I’ve read that for post processing, using a full screen tri is far better than a quad because the slice from corner to corner the pixels overlapping gets essentially doubly computed causing a waste in time. Is this true?


Cool! Thanks for all the help you guys. Exactly the kind of feedback i was looking for.

Would it be wrong to say that gpu vendors have kinda over valued the triangle and essentially ignored the pixel?

There seems to be an area in which could be highly optimized, why does the gpu care at all about 100% invisible pixels. It shouldn’t need to evaluate the 100% invisible pixels to know that they are in fact invisible. That seems awfully redundant. It ‘should’ only compute pixels in which have some non FF alpha value.

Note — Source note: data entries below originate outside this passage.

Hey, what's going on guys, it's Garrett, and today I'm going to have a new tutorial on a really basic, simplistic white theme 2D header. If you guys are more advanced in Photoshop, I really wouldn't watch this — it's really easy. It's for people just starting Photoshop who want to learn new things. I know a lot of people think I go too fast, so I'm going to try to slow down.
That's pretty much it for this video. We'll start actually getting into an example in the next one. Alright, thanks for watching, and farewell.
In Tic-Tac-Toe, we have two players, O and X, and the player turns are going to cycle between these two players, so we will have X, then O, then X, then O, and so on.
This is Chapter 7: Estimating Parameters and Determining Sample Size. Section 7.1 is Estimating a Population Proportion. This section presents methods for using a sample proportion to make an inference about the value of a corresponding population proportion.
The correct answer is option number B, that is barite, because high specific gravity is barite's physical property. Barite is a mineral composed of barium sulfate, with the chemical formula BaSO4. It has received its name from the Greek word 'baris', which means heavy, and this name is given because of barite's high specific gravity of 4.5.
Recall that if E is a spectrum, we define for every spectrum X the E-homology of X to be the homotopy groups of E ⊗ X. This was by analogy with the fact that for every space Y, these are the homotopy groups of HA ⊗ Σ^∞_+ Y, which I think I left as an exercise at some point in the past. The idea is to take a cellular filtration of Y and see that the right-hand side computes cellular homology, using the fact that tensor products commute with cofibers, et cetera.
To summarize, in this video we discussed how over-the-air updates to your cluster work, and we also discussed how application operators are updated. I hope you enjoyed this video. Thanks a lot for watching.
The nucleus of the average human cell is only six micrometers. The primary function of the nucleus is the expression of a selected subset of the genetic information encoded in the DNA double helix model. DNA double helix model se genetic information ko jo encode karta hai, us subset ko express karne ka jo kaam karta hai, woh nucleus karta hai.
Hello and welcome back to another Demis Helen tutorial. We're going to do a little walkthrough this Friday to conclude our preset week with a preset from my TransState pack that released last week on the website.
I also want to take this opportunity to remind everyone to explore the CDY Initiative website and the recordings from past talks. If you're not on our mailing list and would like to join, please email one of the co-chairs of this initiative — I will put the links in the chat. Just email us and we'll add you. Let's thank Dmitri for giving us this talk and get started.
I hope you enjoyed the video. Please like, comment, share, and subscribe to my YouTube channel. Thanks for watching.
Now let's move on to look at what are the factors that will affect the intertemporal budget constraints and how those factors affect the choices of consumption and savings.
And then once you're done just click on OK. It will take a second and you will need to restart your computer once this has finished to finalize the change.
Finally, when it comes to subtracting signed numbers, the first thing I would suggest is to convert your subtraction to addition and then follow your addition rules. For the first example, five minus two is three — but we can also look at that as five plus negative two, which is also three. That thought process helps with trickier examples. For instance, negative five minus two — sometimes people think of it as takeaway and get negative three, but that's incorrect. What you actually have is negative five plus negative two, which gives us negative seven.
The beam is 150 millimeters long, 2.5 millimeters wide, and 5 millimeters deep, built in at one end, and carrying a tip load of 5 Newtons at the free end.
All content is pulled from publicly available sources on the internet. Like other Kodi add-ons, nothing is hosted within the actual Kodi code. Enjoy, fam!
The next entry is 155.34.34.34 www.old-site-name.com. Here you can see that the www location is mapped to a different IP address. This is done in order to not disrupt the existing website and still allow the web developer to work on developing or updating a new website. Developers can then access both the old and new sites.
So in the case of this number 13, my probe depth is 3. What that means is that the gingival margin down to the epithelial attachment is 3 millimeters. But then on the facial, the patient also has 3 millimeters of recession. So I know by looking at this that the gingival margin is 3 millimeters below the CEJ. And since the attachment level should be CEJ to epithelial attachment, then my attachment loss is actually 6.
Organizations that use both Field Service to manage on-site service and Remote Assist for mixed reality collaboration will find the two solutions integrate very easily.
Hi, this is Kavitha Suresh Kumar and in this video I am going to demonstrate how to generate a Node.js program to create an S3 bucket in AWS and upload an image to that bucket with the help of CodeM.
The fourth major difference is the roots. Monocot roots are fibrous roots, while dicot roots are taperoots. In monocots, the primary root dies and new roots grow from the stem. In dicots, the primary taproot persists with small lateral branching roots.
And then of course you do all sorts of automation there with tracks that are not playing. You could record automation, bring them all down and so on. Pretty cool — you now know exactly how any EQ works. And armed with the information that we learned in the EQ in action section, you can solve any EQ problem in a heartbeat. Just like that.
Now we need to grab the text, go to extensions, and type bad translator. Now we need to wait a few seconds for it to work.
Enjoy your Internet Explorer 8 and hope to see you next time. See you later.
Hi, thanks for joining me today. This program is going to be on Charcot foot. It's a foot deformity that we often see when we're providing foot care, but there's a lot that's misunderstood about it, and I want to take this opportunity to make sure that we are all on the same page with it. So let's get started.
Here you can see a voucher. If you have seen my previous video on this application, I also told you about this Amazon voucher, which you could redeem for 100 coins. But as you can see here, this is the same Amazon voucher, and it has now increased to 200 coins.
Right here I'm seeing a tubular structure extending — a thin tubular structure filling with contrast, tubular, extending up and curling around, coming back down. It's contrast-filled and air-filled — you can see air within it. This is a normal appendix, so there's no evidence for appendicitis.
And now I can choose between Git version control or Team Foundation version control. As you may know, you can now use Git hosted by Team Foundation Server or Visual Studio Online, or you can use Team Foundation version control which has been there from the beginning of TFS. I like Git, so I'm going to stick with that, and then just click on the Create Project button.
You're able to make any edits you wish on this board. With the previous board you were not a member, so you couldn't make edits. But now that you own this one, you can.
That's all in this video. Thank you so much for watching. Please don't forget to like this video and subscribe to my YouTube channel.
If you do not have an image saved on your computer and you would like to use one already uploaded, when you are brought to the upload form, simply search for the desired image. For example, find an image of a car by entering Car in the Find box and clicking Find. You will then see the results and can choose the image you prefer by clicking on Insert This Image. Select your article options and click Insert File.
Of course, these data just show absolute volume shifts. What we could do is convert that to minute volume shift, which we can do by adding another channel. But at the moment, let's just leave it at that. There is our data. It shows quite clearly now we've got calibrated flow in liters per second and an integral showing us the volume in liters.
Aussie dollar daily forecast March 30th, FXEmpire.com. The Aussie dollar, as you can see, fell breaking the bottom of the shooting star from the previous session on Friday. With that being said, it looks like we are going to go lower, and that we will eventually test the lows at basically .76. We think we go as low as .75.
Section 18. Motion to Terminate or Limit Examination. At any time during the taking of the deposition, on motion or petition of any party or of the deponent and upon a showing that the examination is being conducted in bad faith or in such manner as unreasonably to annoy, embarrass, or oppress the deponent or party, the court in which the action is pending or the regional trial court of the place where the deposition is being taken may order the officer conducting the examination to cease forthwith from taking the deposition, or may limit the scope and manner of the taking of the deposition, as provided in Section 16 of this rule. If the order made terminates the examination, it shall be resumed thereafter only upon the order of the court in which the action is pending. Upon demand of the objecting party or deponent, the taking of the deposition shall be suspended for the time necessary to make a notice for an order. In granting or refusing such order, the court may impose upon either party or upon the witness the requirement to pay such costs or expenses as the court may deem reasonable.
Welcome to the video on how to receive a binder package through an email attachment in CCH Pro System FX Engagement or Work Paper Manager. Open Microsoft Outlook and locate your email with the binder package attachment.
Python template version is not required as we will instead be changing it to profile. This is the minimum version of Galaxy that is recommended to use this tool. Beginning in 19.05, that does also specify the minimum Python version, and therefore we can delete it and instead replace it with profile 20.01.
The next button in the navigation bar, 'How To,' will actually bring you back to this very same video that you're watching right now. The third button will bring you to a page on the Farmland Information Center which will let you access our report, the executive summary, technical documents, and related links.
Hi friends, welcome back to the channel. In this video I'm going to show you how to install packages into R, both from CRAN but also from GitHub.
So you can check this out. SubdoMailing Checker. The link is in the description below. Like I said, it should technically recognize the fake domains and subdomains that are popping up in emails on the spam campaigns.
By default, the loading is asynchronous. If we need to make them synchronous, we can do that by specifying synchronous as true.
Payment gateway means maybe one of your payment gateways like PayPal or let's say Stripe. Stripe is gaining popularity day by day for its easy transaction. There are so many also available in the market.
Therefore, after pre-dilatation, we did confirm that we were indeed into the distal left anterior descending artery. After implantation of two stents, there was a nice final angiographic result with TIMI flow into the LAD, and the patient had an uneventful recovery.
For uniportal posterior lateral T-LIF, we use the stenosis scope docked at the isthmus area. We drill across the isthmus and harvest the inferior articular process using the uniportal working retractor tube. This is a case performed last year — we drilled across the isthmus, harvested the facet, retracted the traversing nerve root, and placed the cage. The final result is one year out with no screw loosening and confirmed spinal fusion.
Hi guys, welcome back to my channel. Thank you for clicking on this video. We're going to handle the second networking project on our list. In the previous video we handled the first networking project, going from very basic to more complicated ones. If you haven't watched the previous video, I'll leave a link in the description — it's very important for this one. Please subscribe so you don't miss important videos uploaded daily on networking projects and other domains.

It has to render the whole triangle one way or another. If the whole triangle is just part of an image its fast. However since this case means part of the triangle is not visible, that part has to be rendered anyway and then it has to determine not to draw anything. This isn’t as fast as just drawing the image. Two triangles (the complete image) is going to render faster than a single triangle with a more complex case. I didn’t think of this before, but it makes a hell of a lot of sense.

I’m afraid I do not know enough about the exact impact this could have to answer this.

The problem is that a GPU can only know a pixel is 100% invisible after it has evaluated the shader for that pixel. How can you know a texture has an alpha of 0 for that pixel without reading that texture first? The same goes for other shader logic that can influence the final alpha.

Hmm this is true. Thanks :slight_smile:

"Would it be wrong to say that gpu vendors have kinda over valued the triangle and essentially ignored the pixel? "

There is another way to think about it. There are generally way more pixels than triangles being rendered for a given mesh/material. That is the main reason why it is way faster to compute things using the vertex shader than the pixel shader (this is done via CustomUVs in ue4). Since there are less verts, it is faster to calculate for each vert than for each pixel.

Ah! That’s a much better way of looking at it, and also very interesting. Thanks for the new outlook! I will definitely keep this in mind when developing passes.